The building is clad in charred wood siding, a reference to the agricultural and ranching traditions of the valley. The charring machine, created by a local millwright took the form of a pizza oven fitted out with propane burners. The depth of char was controlled by varying the speed at which the material was run through the oven.
The interior spaces are defined by the variegated dowel-laminated timber (DLT) roof structure, and are layered with minimal wood detailing at key areas (DLT is a mass timber structural panel constructed of standard dimensional lumber, friction-fit together with hardwood dowels, not requiring the use of nails, screws, or adhesives. This combination results in a structural system with a high potential for demountability, adaptability, and reuse). The ramp down into the hall is lined with a wood screen, filtering views into the hall, and referencing the pine forests. Composite wood and acoustic panels provide sound attenuation at the stage.
Beyond its energy-efficient design and locally sourced materials, the building acts as the living room and social heart of the community. Co-locating the library and community hall provides cross-pollination and increases overall use. The community kitchen was designed with the local seniors’ group to ensure accessibility and ease of use.
The siting of the building creates a variety of exterior rooms within the public realm that can be occupied throughout the year. Indoor-outdoor connectivity promotes social well-being and expands year-round use of the adjacent park.
The building structure is relatively simple, with a post-and-beam frame supporting a shallow shed roof. With a tight budget, it was important to give the various product suppliers in the region equal opportunity to participate in the project. Accordingly, structural engineers Equilibrium Consulting, Inc., created a schematic design and performance specification that could accommodate either glue-laminated (glulam) timber or LVL columns and beams and CLT, nail-laminated timber (NLT), or DLT panels.
DLT panels of 1220-mm (48-in.) wide and lengths up to 6000 mm (236 in.) using 2×4 and 2×6 Douglas fir dimensional lumber were prefabricated. The panels were hand assembled using jigs to ensure accuracy and consistency, with the members fastened together using beech dowels. Adhesives were not employed to fabricate the panels. The tolerances achieved were in the order of 2 mm (79 mils), much finer than those for cast-in-place concrete foundations, and remarkable given that no computer numerically controlled (CNC) machinery was used. When completed, the DLT panels were transported to the site in a choreographed sequence to maximize efficiency.
Alternating the 2×4 and 2×6 timbers created a self-finished ceiling with a variegated texture. By spacing the panels 600 mm (24 in.) apart, the modular system was able to integrate lighting services in the gaps, which were later bridged by smaller removable panels finished with sound-absorbent material to enhance room acoustics.
Interior light wood framing was prefabricated onsite and installed in panels. The use of prefabrication for all elements of the structure reduced the overall construction time and helped the project stay on budget.
A high-performance building envelope, combined with passive design strategies and energy-efficient mechanical systems were used to minimize the building energy loads. A heat recovery ventilation system is augmented with large low-velocity fans and passive ventilation strategies to reduce cooling demand. Air source heat pumps and high efficiency boilers provide heating for the building, switching between systems to maximize efficiency.

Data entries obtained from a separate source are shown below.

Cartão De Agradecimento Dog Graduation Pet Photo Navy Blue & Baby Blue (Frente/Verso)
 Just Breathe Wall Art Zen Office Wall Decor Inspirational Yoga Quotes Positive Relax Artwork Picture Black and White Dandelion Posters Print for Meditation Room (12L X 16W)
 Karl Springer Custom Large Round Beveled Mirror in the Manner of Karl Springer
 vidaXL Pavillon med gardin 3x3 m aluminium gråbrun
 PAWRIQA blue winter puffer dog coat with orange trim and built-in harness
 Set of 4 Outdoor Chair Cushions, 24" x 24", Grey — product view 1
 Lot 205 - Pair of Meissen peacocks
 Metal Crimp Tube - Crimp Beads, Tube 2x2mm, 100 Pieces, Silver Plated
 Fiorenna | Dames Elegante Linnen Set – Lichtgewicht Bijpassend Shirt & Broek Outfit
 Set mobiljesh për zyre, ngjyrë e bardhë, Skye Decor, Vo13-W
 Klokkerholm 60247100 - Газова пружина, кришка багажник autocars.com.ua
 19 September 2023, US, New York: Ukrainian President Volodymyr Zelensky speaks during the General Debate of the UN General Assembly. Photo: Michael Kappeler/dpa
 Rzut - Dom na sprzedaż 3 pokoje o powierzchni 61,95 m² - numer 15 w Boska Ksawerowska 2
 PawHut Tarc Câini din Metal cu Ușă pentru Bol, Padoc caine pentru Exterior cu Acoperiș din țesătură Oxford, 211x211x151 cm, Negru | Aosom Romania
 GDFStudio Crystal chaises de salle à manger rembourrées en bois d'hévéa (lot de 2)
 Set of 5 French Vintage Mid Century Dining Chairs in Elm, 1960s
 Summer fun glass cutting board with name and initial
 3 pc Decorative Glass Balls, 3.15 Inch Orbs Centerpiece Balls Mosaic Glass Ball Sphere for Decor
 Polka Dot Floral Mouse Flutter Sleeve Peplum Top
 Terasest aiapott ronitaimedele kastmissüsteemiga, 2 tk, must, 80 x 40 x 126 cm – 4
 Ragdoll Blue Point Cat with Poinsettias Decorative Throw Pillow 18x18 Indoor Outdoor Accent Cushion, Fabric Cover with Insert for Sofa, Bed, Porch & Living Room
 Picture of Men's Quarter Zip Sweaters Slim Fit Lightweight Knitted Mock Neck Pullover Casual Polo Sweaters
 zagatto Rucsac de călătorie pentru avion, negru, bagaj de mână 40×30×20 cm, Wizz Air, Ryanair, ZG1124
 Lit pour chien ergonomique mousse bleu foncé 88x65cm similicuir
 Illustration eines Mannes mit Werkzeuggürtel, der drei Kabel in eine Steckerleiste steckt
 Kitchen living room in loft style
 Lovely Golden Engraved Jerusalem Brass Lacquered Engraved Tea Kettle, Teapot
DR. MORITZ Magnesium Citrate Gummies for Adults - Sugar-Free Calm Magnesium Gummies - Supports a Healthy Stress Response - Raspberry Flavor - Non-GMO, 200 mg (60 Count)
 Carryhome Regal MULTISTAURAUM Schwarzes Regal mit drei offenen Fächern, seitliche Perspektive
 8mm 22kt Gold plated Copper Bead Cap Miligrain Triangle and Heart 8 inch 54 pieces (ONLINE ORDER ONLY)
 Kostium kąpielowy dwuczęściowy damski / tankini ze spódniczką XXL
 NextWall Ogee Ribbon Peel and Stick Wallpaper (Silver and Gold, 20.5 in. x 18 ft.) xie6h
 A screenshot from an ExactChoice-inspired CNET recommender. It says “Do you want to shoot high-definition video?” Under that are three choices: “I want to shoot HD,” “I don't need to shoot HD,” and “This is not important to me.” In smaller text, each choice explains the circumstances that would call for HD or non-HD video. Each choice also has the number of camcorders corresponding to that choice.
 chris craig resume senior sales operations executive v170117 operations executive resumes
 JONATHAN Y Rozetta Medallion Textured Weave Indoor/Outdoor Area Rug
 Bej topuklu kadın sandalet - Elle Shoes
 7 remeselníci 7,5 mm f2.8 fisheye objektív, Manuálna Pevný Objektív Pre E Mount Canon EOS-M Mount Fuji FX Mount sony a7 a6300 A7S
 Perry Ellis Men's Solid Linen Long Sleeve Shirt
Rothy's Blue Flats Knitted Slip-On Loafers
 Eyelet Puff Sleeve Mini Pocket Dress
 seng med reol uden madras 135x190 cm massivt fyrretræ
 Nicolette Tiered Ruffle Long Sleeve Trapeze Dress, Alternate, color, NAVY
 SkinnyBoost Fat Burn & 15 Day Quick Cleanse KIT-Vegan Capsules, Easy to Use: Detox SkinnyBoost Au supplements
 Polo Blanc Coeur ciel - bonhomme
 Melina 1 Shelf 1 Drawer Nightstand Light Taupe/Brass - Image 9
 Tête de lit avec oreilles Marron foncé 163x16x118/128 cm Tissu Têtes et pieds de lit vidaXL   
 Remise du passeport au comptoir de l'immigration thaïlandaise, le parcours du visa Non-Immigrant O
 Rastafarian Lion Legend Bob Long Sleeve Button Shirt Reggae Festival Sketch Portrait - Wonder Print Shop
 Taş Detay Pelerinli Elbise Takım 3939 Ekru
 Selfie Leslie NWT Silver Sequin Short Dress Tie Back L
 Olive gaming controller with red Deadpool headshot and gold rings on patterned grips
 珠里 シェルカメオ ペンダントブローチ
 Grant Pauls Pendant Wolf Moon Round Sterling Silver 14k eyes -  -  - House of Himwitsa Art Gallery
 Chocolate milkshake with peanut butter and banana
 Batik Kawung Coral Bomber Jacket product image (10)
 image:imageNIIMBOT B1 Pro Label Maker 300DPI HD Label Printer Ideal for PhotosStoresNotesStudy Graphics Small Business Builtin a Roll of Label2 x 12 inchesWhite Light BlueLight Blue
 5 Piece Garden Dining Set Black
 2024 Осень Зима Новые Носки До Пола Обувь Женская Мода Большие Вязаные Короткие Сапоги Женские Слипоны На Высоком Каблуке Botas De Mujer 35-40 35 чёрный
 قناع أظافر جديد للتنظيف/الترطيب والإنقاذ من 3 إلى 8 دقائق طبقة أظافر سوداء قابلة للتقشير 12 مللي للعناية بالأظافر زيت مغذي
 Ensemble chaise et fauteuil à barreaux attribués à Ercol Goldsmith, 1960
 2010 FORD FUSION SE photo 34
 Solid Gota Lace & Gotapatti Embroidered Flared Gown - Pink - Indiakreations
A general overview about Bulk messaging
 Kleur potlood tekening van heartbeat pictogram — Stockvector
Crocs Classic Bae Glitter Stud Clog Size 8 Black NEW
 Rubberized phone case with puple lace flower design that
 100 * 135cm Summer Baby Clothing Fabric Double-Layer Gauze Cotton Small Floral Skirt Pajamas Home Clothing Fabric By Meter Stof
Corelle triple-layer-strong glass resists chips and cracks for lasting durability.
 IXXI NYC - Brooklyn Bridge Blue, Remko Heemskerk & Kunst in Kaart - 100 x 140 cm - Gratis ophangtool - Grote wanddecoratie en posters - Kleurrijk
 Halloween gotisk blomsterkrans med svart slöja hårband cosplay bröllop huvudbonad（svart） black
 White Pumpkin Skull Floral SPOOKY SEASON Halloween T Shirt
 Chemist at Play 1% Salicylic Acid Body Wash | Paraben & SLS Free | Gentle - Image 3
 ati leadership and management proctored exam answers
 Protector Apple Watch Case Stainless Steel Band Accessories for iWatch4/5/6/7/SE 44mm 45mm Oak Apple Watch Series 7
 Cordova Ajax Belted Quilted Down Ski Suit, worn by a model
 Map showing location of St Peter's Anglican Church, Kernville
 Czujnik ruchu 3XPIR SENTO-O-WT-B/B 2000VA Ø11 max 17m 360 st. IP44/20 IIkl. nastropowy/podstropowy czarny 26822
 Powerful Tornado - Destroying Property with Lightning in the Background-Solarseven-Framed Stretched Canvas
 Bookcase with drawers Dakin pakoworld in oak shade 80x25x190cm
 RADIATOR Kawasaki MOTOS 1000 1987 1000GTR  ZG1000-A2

A participatory design process has been shown to instill pride of ownership in a new building, encourage ongoing care and maintenance of the facility and improve its overall life-cycle performance.
The past decade has seen a number of important changes in the size and types of buildings permitted to be constructed in wood. It is important to remember the requirements for the specification of structural wood products and wood building systems are set out in the model National Building Code (NBC), which is concerned with health, safety, accessibility, and the protection of buildings from fire or structural damage.
In the 2015 edition of NBC, changes were made to increase the permitted height limit of wood construction for some buildings. These changes, which are the result of a rigorous scientific and engineering process by expert committees of the Canadian Commission on Building and Fire Codes, were incorporated into BCBC in 2018.
Whether built with light wood framing materials or engineered mass timber products, the added height and area of these buildings has given designers new options for an expanded range of occupancy types. These changes reflect the broad consensus that wood is a safe, economic, and more environmentally friendly alternative to concrete or steel construction. Additionally, the local availability of wood and wood products in most regions of the country means the majority of Canadian communities can benefit both economically and socially from the expanded opportunities offered by the new code provisions (the full case study, titled Wood in Civic Buildings, can be viewed at www.wood-works.ca/bc).
Jim Taggart, FRAIC, is a Vancouver-based journalist who has written on the subject of contemporary architecture in wood for over 20 years. His credits include more than 100 articles for national and international magazines, numerous technical case studies for wood industry organizations, and the books Toward a Culture of Wood Architecture (2011) as well as the recently released, Tall Wood Buildings: Design, Construction, and Performance (Second and Expanded Edition), written in collaboration with architect Michael Green. He can be reached at email@example.com.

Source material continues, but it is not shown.